These are the main 7 projects that comprised 49% of myt grade in CS320: Data Programming II at the University of Wisconsin Madison. The course was taught by Tyler Caraza-Harter and I took it in Spring 2022.
Most of this project is review Python concepts from the previous course, CS220, and the end of it focuses on new topics check_output, time, and git.
In this project I analyzed every loan application made in Wisconsin in 2020, and practiced classes, large datasets, trees, recursion, testing, and writing modules.
In this project I built a module that could search through graphs in both BFS and DFS methods, and then used applied that method to search through graphs, matrices, and the web.
For this project I build a website using flask that displays multiple plots on the home page, a page for browsing through the table behind the plots, a link to a donation page that is optimized via A/B testing, and a subscirbe button that only accepts valid email addresses.

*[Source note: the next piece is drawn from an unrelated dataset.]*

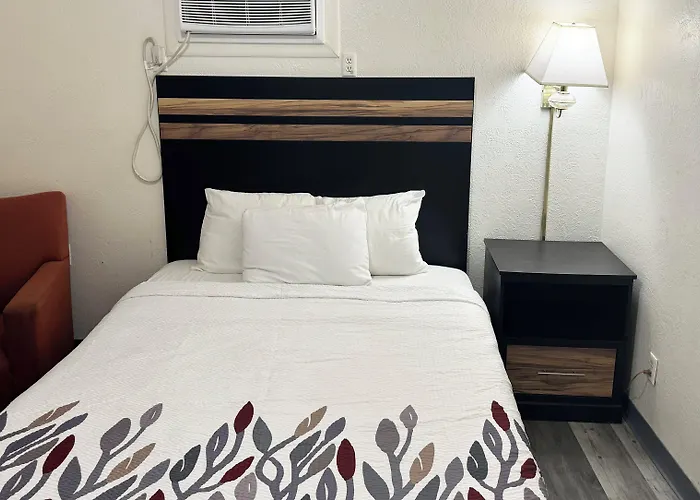 Magnuson Motel *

In this project I analyzed the statements and reports that companies made to the SEC's EDGAR database over the course of one day. This was great practice with working with a huge dataset, manipulating the data using modules, using regex, and data visualization.
For this project I made predictions about census data for Wisconsin using regression models. I extracted data using SQL queries from four files to construct DataFrames suitable for machine learning training during this project. I also used matrices to visualize land data in Milwaukee. Finally, I had to develop and deploy a model to predict population on a per-census tract basis with a requirement of having an explained variance of at least 0.35.
In the final project of the semester, I used web browsing data to develop and deploy a logistic regression classification model that would predict which users are interested in receiving an email promotion, with a requirement of 75% accuracy on the test data.